Records from a dataset
┌────────

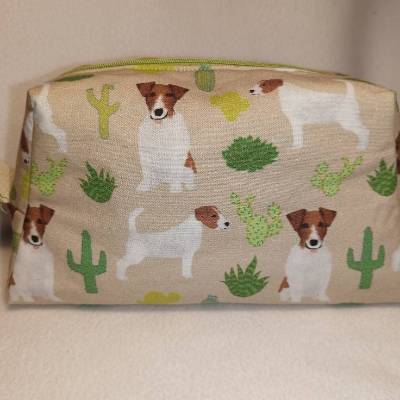 Kosmetiktasche, Jack Russel, Hund, Kulturtasche, Stiftetasche, Schlampermäppchen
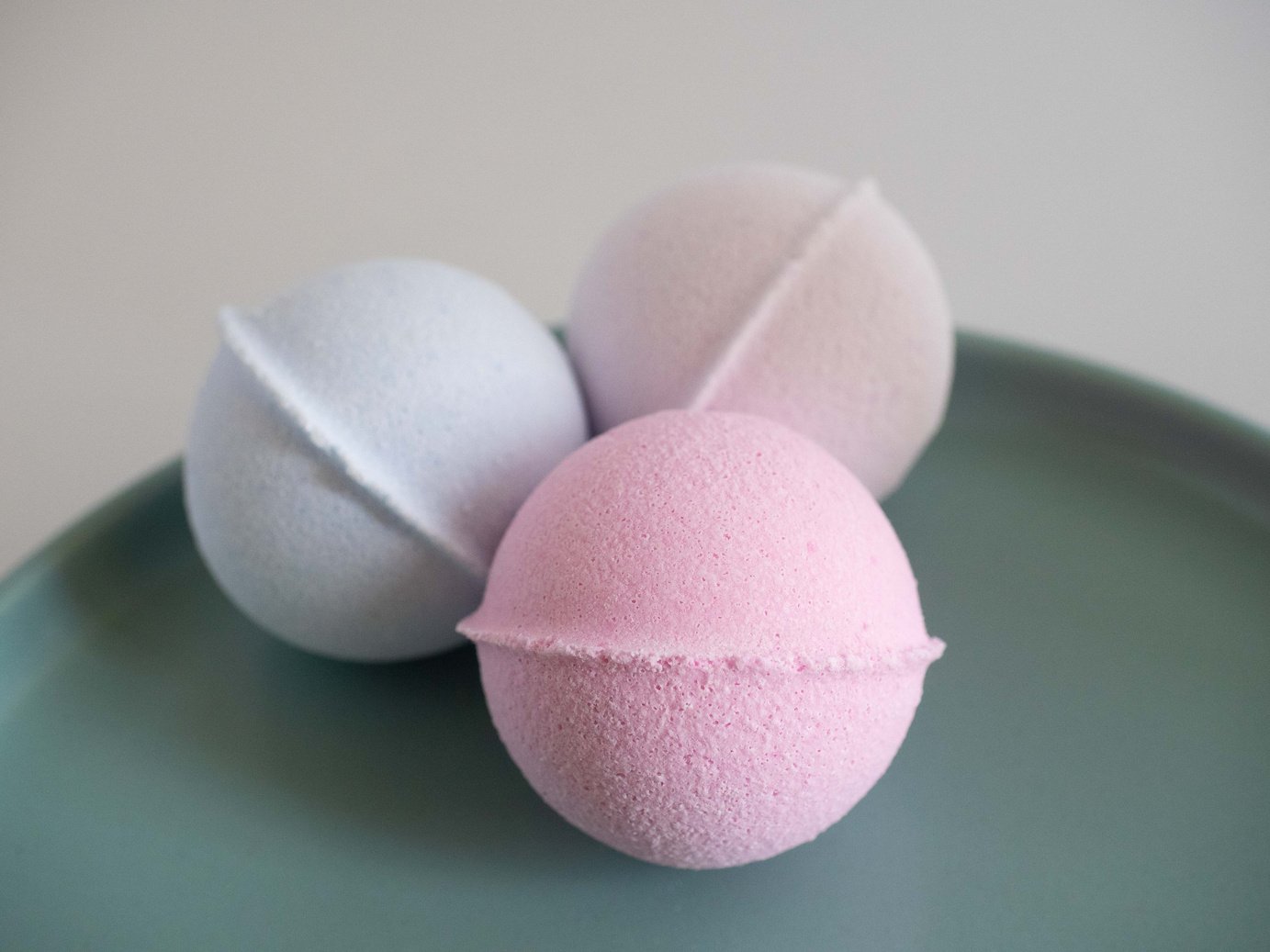 Close-Up Shot of Bath Bombs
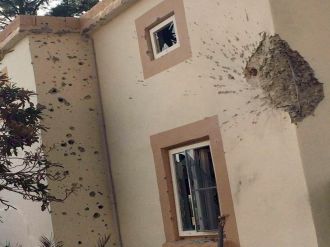 Karkamış’taki evlerde hasar oluştu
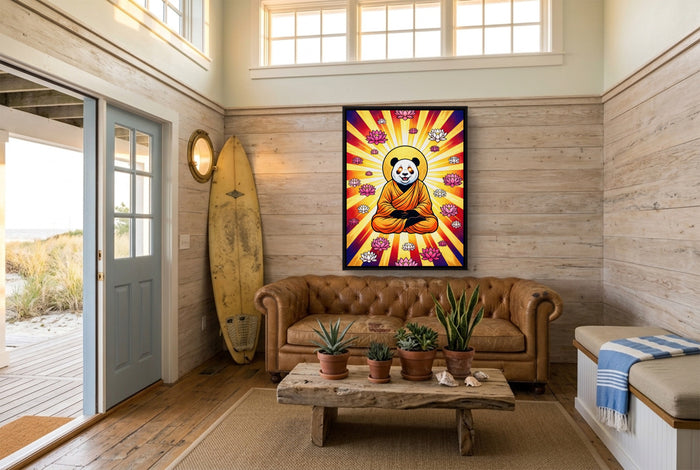 Panda Enlightened Radiance — panda enlightened radiance living room with couch 3 1port framed black
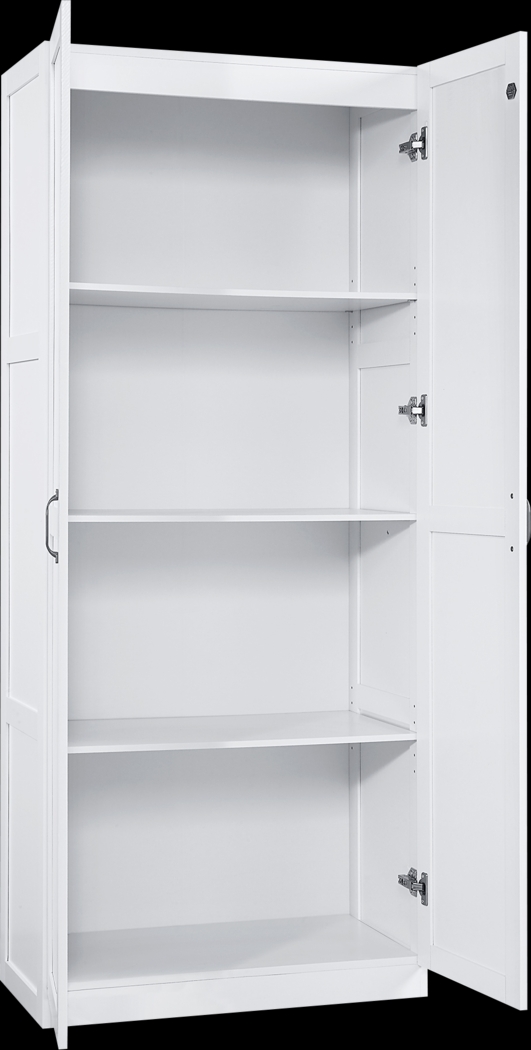 Elerton White Storage Accent Cabinet - Thumbnail - Image 3
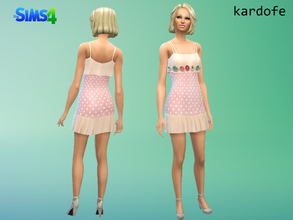 Sims 4 — kardofe_yfBody_DressFlutter_recolor2 by kardofe — Summer dress with pretty ruffles and cheerful print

└────────

* Problem to work on
Starting at the line that contains "Panda Enlightened Radiance —", return every line through the end of the records above exactly as written, and return no pictures.

* Answer to this exercise
 Panda Enlightened Radiance — panda enlightened radiance living room with couch 3 1port framed black
 Elerton White Storage Accent Cabinet - Thumbnail - Image 3
 Sims 4 — kardofe_yfBody_DressFlutter_recolor2 by kardofe — Summer dress with pretty ruffles and cheerful print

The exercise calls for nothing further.